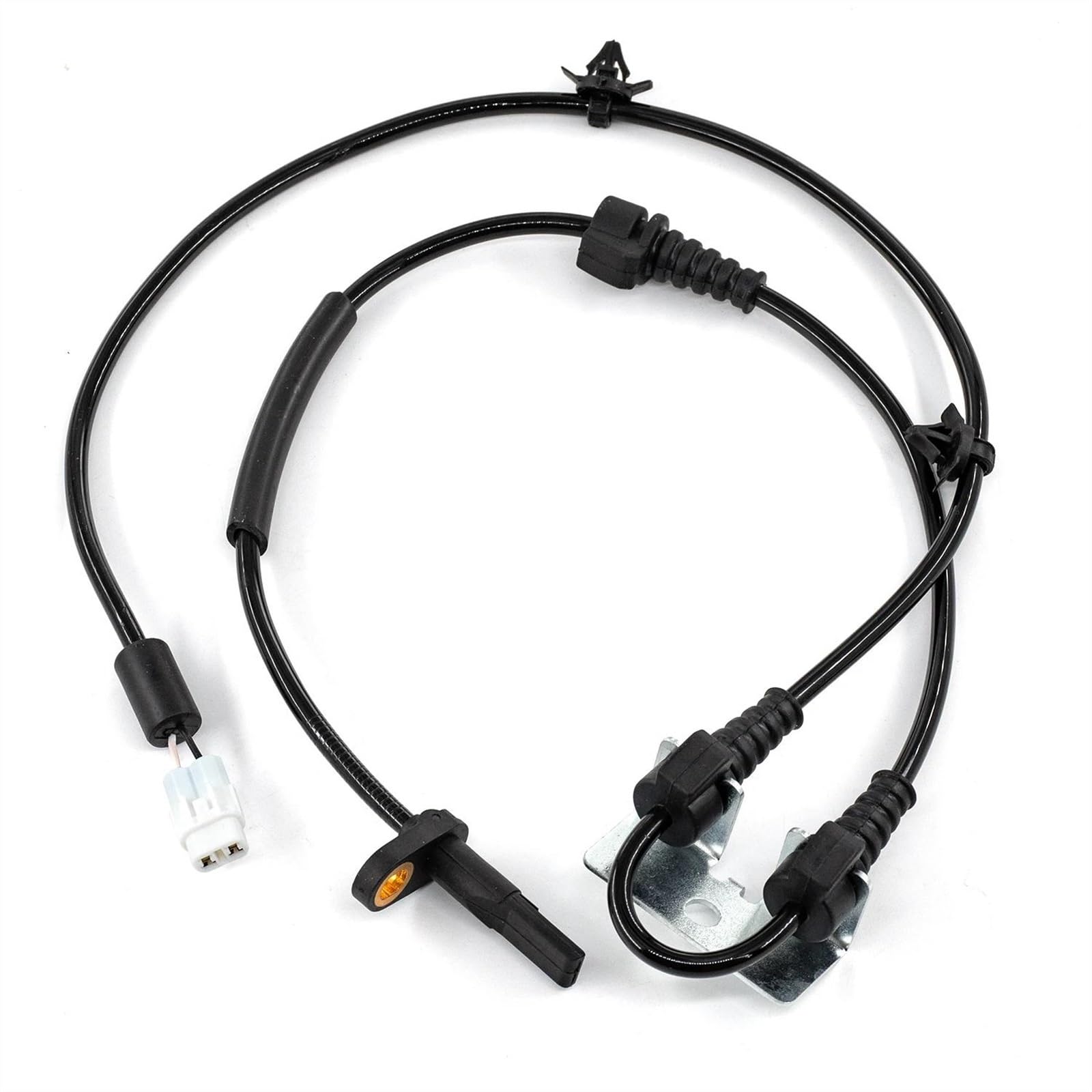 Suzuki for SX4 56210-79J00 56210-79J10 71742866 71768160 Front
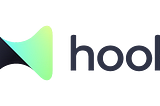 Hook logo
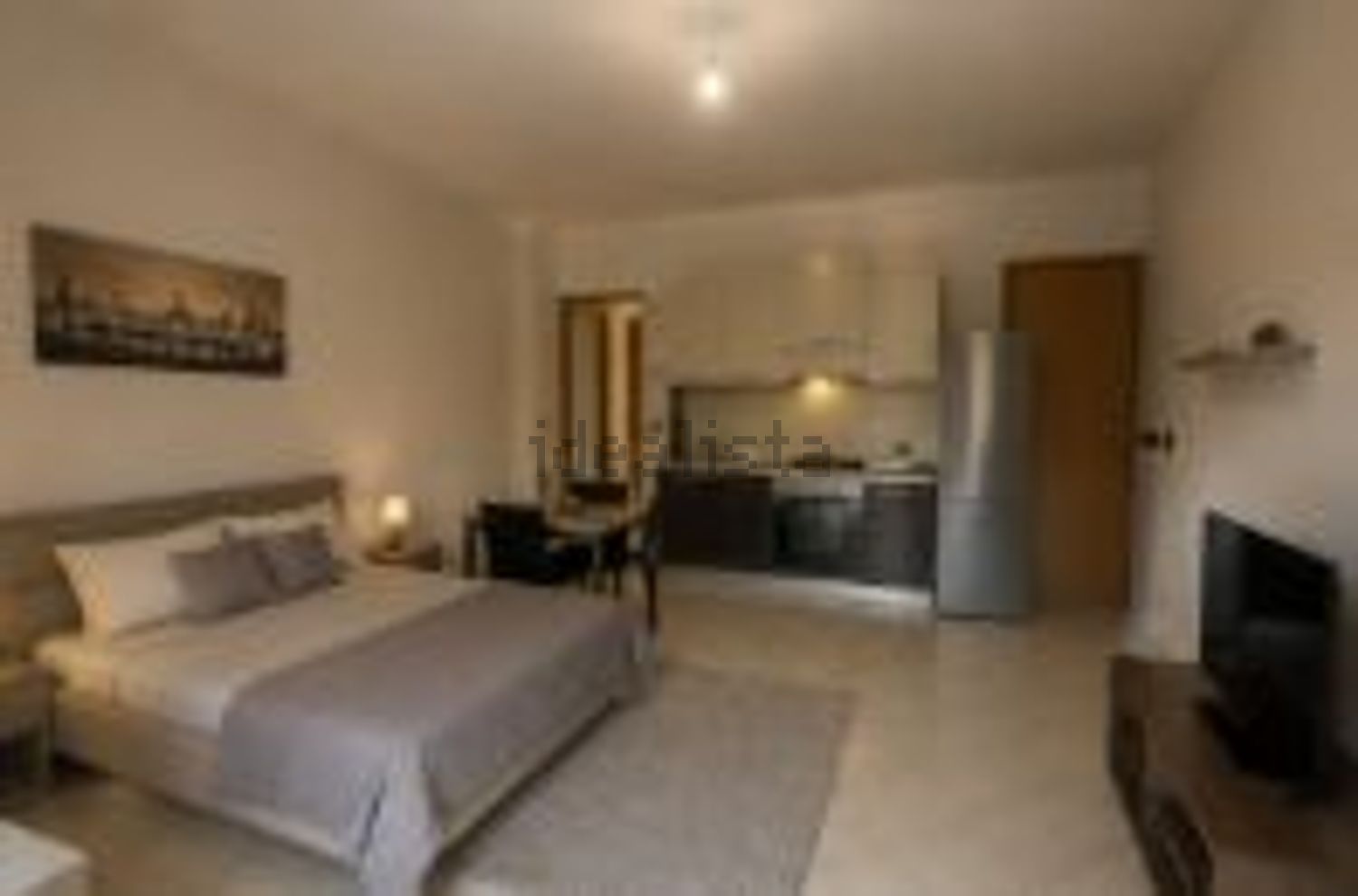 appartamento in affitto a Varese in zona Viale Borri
+--
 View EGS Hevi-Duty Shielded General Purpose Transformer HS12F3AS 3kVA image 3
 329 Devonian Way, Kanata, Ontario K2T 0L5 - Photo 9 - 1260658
+--
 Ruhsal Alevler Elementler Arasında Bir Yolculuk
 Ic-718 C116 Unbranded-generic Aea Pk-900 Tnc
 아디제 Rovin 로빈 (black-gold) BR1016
+--
• _EXERCISE DETAILS_
All that is wanted is a faithful reproduction of the line above with "Ic-718 C116 Unbranded-generic Aea Pk-900 Tnc", the line with "아디제 Rovin 로빈 (black-gold) BR1016", and every line in between.

• _SOLUTION FOR THIS TASK_
 Ic-718 C116 Unbranded-generic Aea Pk-900 Tnc
 아디제 Rovin 로빈 (black-gold) BR1016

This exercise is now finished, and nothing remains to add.